We jammed the beams under the mower deck, and after a few failed
attempts, the deck groaned and flipped free of the stump and onto the
lawn. We peered down at its bent blades extending skyward.

"It's vaguely Xiphosuran, but like no beast I've ever seen," I mused.

"A beast nonetheless. Let's toss it in the shed." Which we did.

While Stilton puttered some more in the shed, I climbed into the
tractor's seat, stepped on the clutch, and twisted the key. The engine
spoke with characteristic authority. I took a slow lap around the yard
to warm it up, then advanced the governor and took a brisker lap
before coming to a stop where Stilton now stood in front of the shed.

"Back up on the horse," I ordered, as I relinquished my seat.

He hopped on and steered a couple of figure eights, then upshifted,
advanced to full throttle, and raced to the farthest corner of the
yard, careening it as he rounded back towards the house. "Whoooo!" I
heard him howl as he shot out of sight into the front yard. I heard a
garage door open, then close, and then he reappeared with two beers
and a hacksaw in one hand and an axe and sledgehammer dangling from
the other.

"Closure," he declared, whereupon we drank and smashed the shit out of
that fucking stump and the rusty pipe in it. A shadow moved across our
project, and I looked up to discern its origin.

"Oh! Hi Gudrun," I said.

"Hey Oggie," she replied. "I've only been after him to take care of
that stump for a year or so. How did you get involved so soon?"

"Well, he's bribing me with beer, and we're making a game of it."

"I'll have to remember that trick. Well, you two, maybe try not to
stomp the pampas grass so much, OK?"

"Yes, dear," I deadpanned, while Stilton grinned stupidly at his wife.

I would never learn exactly what he told her of the tractor.

Backing the trailer up Stilton's driveway, I see in the rear-view
mirror the garage door rising and Stilton emerging before the maw is
fully agape.

"Nice trailer," he says. "Yours?"

"You don't recognize it? It's our employer's. Zamboni doesn't know
that I know where he keeps the keys to the B&G shed." I shade my eyes
with my hand and peer into the garage. "Interesting collection you got
here, Stilts."

"I'll walk you through it sometime later. Let's focus, Oggie; even
Zambo has been known to work the odd weekend."

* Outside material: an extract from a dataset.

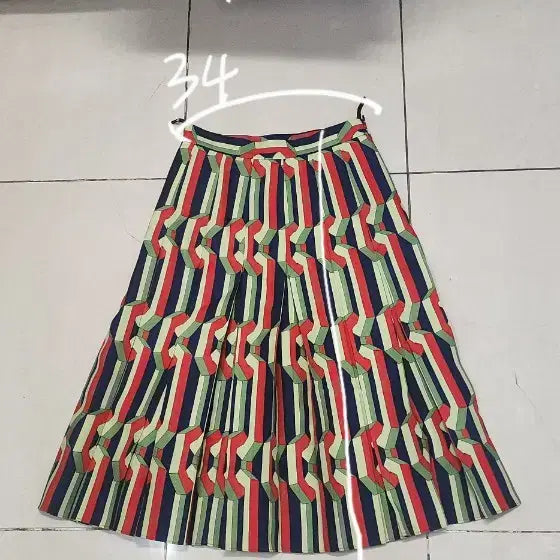 [BUNJANG] Gucci Colorblock Long Skirt / Prada Jacket / 구찌 컬러블록 롱스커트 44/ 프라다재킷 44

"OK, OK! Does the tractor still have gas and oil?"

"Indeed, but let's wheel it into the light before we start it." As he
disconnects a charger cord from the battery and lowers the hood, I
stoop to run my finger through the dust on a twelve pack of Black and
Tan. "Want one?" he asks while he strains at the tail of the tractor.
I steady the steering wheel and tug on the fender, and it begins to

"Thanks, but it's not quite beer o'clock, and I don't want to arrive
on campus with pilfered property and beer breath. Also, if we’re doing
garage-temperature, the beer should come in a cask."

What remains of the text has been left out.